Das Andenken wird wachgehalten

Die Partisanen und Helden der Sowjetunion leben heute in der Erinnerung weiter. In Kamyschin wurde eine Bronzebüste für Robert Klein aufgestellt. Auch im Heimatmuseum hat er einen besonderen Platz. Und Wjatscheslaw Schamajew forscht weiter. 

In Orjol befindet sich an Kleins ehemaligem Wohnhaus eine Gedenktafel und das Lyzeum Nr. 18 bemüht sich darum, seinen Namen tragen zu können. Schüler wollen Klein auf dem Troizkoje-Friedhof bestatten lassen. Unterdessen organisieren Mitglieder des „Spiegels der Geschichte“ Treffen mit den Verwandten Kleins. 

Die Kinder Kasym Kajsenows haben eine Homepage für ihn eingerichtet. Mehrere kasachische Schulen tragen seinen Namen. Und im Gebiet Ostkasachstan wurde sogar ein Dorf nach ihm benannt. 

Ein Sieg, gemeinsam errungen

„Der Sieg ist ein gemeinsamer“, sagt die Erste Stellvertretende Vorsitzende des Internationalen Verbandes der deutschen Kultur Olga Martens, „und sie alle haben dazu beigetragen, der Deutsche Robert Klein, der Ukrainer Sydir Kowpak, der Kasache Kasym Kajsenow, der Georgier David Bakradse. Jetzt ist es an uns, die Generation der Enkel, die Erinnerung an diese Helden wachzuhalten! Wir sind die letzte Generation, die die Veteranen noch persönlich kennt. Aus erster Hand haben wir die Geschichten unserer Großväter über den Krieg, unserer Großmütter über die schwere Arbeit im Hinterland, unserer Eltern über den Hunger im Krieg und den Jahren danach gehört. Wir müssen unseren Kindern nicht nur die Wahrheit über den Zweiten Weltkrieg erzählen, sondern auch dafür sorgen, dass die Geschichte nicht umgeschrieben wird und unseren unverrückbaren Blick auf den gemeinsamen Sieg weitergeben. 

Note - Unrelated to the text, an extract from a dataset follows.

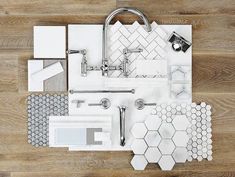 bathroom accessories laid out on top of a wooden floor with white and gray tiles in the middle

Mögen sich am 9. Mai Russen, Ukrainer, Deutsche, Kasachen, Belarussen und alle anderen, deren Großväter und Urgroßväter gekämpft haben, an einem großen Tisch versammeln und die Gläser auf diejenigen erheben, die gemeinsam gekämpft haben!“ 

Jekaterina Kaier

Russlanddeutsche in der Roten Armee

Bereits kurz nach der Machtergreifung Adolf Hitlers wurden in der Sowjetunion für Russlanddeutsche Aufnahmebeschränkungen für die Rote Armee eingeführt. Trotz einer verordneten Entlassungswelle gehörten zum Zeitpunkt des deutschen Überfalls im Juni 1941 immer noch mehr als 33 000 Russlanddeutsche der Roten Armee an, die überwiegende Mehrheit davon stammte aus der Wolgadeutschen Republik. Ab September 1941 wurden die Deutschen aus ihren Einheiten entfernt und in Arbeitslager geschickt. Sie bildeten den Kern der sogenannten Arbeitsarmee, in der die Deutschen Zwangsarbeit leisten mussten. Ungeachtet der zunehmenden Repressionen gelang es einigen Deutschen, in der Roten Armee zu bleiben, teilweise durch die Änderung des Nachnamens. Auch in den zahlreichen Partisaneneinheiten waren sie aktiv. Insgesamt kämpften über 64 000 Russlanddeutsche gegen Hitlerdeutschland. Viele erhielten für ihre Leistungen Orden, 14 wurden zu „Helden der Sowjetunion“ ernannt.